U_s = Potential Energy of Spring
U_g = Potential Energy of Gravity
k_s = spring stiffness
s_i & s_f = stretch

Homework Equations

E_f = E_i + W

U_sf + U_gf + K_f = U_si + U_gi + [STRIKE]K_i[/STRIKE] + [STRIKE]W[/STRIKE]

K_f = U_si - U_sf + U_gi - U_gf

.5mv_f² = .5k_s(s_i - s_f)² + mg(y_i - y_f)

v_f² = (ks(s_i - s_f)²)/m + 2g(y_i - y_f)

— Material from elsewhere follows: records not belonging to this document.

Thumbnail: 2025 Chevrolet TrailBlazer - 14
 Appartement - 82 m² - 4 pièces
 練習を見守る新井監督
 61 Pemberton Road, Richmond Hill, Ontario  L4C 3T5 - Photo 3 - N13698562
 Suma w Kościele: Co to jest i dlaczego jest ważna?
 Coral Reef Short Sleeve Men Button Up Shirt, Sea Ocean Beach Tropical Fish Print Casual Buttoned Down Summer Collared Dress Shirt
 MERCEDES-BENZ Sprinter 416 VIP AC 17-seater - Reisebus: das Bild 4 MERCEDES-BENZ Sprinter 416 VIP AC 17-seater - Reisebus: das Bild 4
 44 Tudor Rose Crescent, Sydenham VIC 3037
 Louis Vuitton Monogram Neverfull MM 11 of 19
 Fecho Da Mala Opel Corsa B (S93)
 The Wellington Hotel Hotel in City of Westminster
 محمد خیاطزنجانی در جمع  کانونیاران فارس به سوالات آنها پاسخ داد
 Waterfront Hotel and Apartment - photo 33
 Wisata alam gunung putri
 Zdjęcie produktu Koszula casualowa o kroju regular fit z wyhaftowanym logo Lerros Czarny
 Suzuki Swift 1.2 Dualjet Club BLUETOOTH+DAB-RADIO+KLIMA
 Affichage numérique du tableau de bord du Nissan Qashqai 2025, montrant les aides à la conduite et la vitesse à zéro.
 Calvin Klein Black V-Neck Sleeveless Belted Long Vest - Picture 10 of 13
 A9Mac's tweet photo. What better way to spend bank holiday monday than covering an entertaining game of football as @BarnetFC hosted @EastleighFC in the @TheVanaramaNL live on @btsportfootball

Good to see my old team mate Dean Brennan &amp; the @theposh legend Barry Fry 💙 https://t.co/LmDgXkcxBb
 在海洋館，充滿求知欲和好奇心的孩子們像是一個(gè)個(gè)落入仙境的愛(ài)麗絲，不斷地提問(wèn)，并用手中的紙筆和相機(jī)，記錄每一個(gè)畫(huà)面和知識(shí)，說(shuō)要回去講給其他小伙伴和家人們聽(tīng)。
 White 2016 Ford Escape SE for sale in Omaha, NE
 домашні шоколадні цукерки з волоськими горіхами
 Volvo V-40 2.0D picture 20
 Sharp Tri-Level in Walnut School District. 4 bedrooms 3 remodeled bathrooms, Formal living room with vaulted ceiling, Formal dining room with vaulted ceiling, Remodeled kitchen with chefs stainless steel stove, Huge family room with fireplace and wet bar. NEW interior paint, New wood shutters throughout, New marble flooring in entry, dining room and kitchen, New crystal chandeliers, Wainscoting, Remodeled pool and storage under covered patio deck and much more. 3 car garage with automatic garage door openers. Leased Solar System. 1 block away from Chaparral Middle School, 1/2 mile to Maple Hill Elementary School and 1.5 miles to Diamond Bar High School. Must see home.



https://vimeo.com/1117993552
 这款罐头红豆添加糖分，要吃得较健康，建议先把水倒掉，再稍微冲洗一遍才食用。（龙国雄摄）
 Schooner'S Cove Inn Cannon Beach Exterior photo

v_f = sqrt((ks(s_i - s_f)²)/m + 2g(y_i - y_f))

The Attempt at a Solution

I might have messed up the stretch, I'm currently looking over it.

I got v_f = 44.038 m/s

 

[Hollumber]

Seems like you need to double check your s's and y's. Are these potential energies(Us and Ug) supposed to add or subtract? Did you use the correct signs for your s's and y's?

 

[MAC5494]

I used the quantity -.2 for both s_i and y_i since the spring is compressed. I'm not sure what you are saying. U_sf and U_gf should be subtracting.

 

[Hollumber]

I'm not saying what you did is wrong, but to make sure you are consistent with your signs. What values did you use for delta s and delta y?

 

[MAC5494]

delta s and delta y = -1.5

The stretch became +2.25 because it was squared

The thing is though that it is si-sf and yi-yf, so it is different I guess you could say.

 

[Hollumber]

Hmm, I think you can assume all the energy from the spring transfers into the object such that the spring stops decompressing at its equilibrium length. So delta s is just the distance it is compressed, and delta y is how high the block is from where it started.

 

[MAC5494]

Okay I see what you mean. After the spring is released, the block flies off the spring so U_sf is actually just 0, right?

For that, I got Vf = 2.366 m/s which does sound much more realistic haha.

 

[Hollumber]

I think that's around the value I got as well (don't remember, but it's reasonable). Did you use (-)1.3 for delta y? If not, then your velocity is probably a little low.

 

[MAC5494]

No, I used -1.5, because when the block is at 1.3, it is 1.5m above the point it started from.

 

[nasu]

The problem says clearly that is 1.3 m above the starting position. Not 1.5.

 

[MAC5494]

Yeah you are right. Sorry I haven't slept in a while, so I'm kind of delusional.